It is good to make RewriteRule patterns as specific as possible, especially when using slow, inefficient file- and directory-exists checking (which involve calling the filesystem, and may even require disk accesses). When possible, it is better to use characteristics of the requested URL itself to avoid the necessity of file- and directory-exists checking.
Jim
The regex ^news/([^./]+)?$ - let me have a go at explaining this to se if I have it right...
^news/ # match anything starting with news/
( )? # everything in the parenthesis either not at all, or only once. Also, whatever is in the parenthesis is the pass back argument $1, used later in the replacement statement
[^./]+ # a character class that says match any character that isn't a dot or a slash. The following + sign means match it one or more times. It took me a while to realise the dot in the character class is a literal, and not a metacharacter!
Do I now get a gold (noob) star?
Steve (aged 41, and rapidly wondering if he's getting too old for this crap!)
once upon a time g1kad on 144Mhz
^news/ # match anything starting with news/( )? # everything in the parenthesis either not at all, or only once. Also, whatever is in the parenthesis is the pass back argument $1, used later in the replacement statement
Correct. Note that "pass back" is more-formally termed "back-reference."
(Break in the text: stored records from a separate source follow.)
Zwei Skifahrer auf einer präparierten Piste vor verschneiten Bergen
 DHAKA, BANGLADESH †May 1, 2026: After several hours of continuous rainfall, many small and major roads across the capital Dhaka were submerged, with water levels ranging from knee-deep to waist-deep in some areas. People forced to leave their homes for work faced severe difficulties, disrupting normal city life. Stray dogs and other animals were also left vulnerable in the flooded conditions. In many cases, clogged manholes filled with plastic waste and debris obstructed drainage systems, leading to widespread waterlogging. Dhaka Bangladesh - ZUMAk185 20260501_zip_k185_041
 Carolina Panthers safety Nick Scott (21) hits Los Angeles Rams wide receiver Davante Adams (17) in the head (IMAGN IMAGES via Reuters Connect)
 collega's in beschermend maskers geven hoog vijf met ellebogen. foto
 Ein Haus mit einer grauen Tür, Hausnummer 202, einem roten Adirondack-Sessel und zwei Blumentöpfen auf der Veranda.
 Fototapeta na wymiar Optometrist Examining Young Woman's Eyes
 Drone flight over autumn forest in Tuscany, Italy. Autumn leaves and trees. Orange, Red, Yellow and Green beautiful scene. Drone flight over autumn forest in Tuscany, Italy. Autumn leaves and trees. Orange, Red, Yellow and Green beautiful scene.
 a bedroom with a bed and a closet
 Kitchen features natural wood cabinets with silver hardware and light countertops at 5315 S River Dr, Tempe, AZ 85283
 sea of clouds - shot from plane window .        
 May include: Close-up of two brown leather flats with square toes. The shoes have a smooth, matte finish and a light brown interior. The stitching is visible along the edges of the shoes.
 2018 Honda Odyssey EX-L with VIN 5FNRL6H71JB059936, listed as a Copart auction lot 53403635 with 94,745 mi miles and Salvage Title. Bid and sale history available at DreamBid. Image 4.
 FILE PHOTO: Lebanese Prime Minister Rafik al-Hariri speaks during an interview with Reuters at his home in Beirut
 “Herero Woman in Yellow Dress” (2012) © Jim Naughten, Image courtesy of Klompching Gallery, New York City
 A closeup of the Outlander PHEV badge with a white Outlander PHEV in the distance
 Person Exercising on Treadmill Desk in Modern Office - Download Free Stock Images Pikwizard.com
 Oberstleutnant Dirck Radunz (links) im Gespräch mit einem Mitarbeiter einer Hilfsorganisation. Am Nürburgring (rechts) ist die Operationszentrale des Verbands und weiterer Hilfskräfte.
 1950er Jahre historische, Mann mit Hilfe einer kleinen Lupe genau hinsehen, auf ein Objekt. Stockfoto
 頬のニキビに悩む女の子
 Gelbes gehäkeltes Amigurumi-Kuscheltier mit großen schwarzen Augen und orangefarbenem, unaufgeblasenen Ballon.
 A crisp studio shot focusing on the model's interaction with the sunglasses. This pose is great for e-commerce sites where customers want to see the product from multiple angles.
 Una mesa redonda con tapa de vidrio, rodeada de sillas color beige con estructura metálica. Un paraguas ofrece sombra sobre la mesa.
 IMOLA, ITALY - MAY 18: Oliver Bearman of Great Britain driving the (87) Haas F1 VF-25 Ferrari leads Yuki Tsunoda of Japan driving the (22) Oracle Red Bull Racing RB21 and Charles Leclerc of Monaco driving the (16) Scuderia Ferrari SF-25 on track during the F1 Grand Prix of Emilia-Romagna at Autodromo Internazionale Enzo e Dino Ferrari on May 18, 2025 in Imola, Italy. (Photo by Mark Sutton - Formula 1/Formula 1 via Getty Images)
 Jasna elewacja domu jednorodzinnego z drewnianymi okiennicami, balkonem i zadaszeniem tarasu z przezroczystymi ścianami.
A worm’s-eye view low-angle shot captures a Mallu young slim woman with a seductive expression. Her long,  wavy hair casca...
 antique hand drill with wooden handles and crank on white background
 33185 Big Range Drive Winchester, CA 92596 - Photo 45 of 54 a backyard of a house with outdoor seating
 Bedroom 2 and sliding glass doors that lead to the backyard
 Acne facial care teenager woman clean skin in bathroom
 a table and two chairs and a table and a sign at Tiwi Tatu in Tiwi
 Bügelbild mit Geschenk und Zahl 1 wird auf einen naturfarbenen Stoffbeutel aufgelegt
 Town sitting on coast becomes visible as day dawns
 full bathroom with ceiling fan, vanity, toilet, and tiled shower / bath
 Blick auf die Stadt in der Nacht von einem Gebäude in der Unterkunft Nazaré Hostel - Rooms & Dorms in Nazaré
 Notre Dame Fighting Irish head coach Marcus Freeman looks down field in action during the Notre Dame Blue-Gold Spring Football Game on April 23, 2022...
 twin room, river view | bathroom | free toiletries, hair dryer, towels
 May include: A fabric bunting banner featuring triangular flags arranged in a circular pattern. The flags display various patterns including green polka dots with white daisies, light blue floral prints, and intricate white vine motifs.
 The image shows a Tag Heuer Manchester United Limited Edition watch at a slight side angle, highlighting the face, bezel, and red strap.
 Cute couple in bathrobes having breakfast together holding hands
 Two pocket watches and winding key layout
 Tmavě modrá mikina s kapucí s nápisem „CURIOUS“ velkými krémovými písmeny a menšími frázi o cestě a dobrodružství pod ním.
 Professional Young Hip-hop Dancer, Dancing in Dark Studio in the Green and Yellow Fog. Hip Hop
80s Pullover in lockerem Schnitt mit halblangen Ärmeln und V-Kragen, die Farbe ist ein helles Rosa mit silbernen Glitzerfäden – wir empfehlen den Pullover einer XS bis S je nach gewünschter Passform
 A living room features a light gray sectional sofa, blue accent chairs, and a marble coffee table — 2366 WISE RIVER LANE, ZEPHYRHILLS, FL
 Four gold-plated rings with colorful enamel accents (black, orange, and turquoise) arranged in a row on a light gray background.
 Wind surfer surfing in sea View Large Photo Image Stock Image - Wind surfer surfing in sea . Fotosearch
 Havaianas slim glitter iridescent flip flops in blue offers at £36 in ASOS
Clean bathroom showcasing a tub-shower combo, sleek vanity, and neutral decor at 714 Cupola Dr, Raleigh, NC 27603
[^./]+ # a character class that says match any character that isn't a dot or a slash. The following + sign means match it one or more times.
Correct: "Match one or more characters not equal to a period or a slash."
It took me a while to realise the dot in the character class is a literal, and not a metacharacter!
Escaping rules vary within and outside [alternate-character groups], with fewer characters needing to be escaped within groups than without.
Jim